GIVEN DATA Block Start

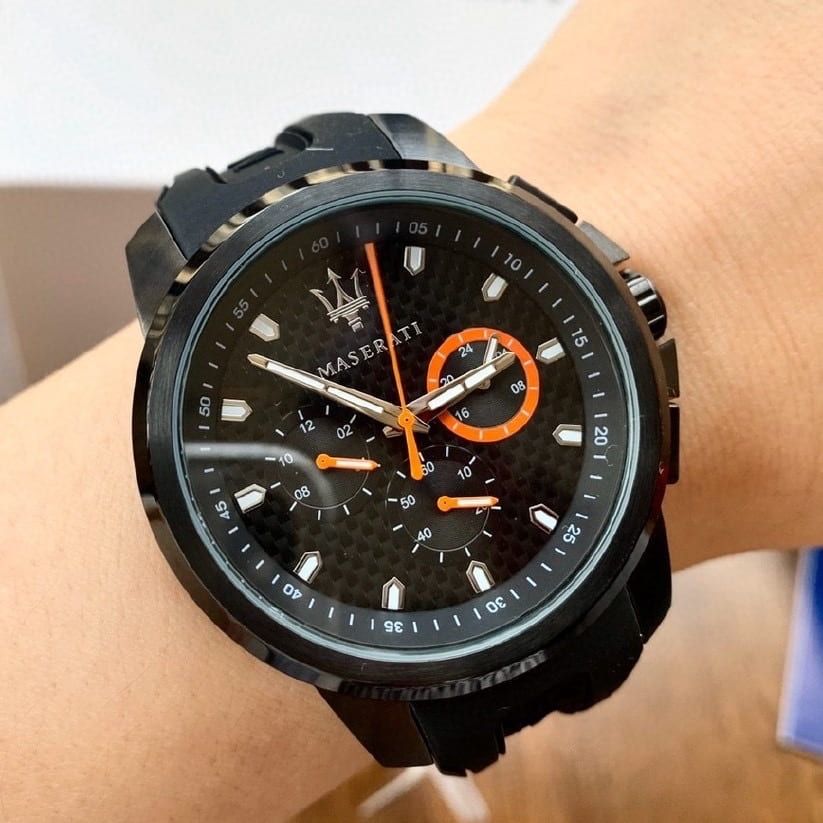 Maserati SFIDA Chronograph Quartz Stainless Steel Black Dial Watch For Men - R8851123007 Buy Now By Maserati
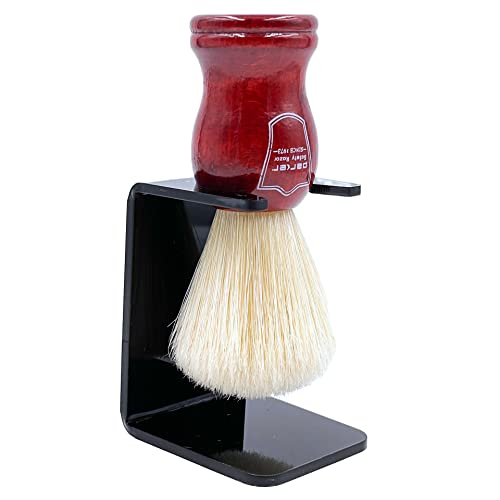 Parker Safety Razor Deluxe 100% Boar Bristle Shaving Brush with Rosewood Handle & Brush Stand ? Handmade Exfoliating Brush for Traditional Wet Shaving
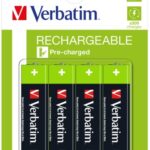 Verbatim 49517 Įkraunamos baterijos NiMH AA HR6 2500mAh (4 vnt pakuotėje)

GIVEN DATA Block End
GIVEN DATA Block Start

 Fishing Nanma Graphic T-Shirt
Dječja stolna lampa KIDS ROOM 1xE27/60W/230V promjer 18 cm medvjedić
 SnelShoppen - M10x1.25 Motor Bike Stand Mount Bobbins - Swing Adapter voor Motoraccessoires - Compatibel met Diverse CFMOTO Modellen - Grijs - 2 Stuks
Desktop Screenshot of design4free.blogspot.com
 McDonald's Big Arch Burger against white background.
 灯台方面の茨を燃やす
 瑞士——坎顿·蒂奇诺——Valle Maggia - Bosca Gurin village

GIVEN DATA Block End

Take the lines above from the one containing "Desktop Screenshot of" down to the one containing "瑞士——坎顿·蒂奇诺——Valle Maggia - Bosca", and transcribe them exactly, both ends included.

**TASK RESULT:**
Desktop Screenshot of design4free.blogspot.com
 McDonald's Big Arch Burger against white background.
 灯台方面の茨を燃やす
 瑞士——坎顿·蒂奇诺——Valle Maggia - Bosca Gurin village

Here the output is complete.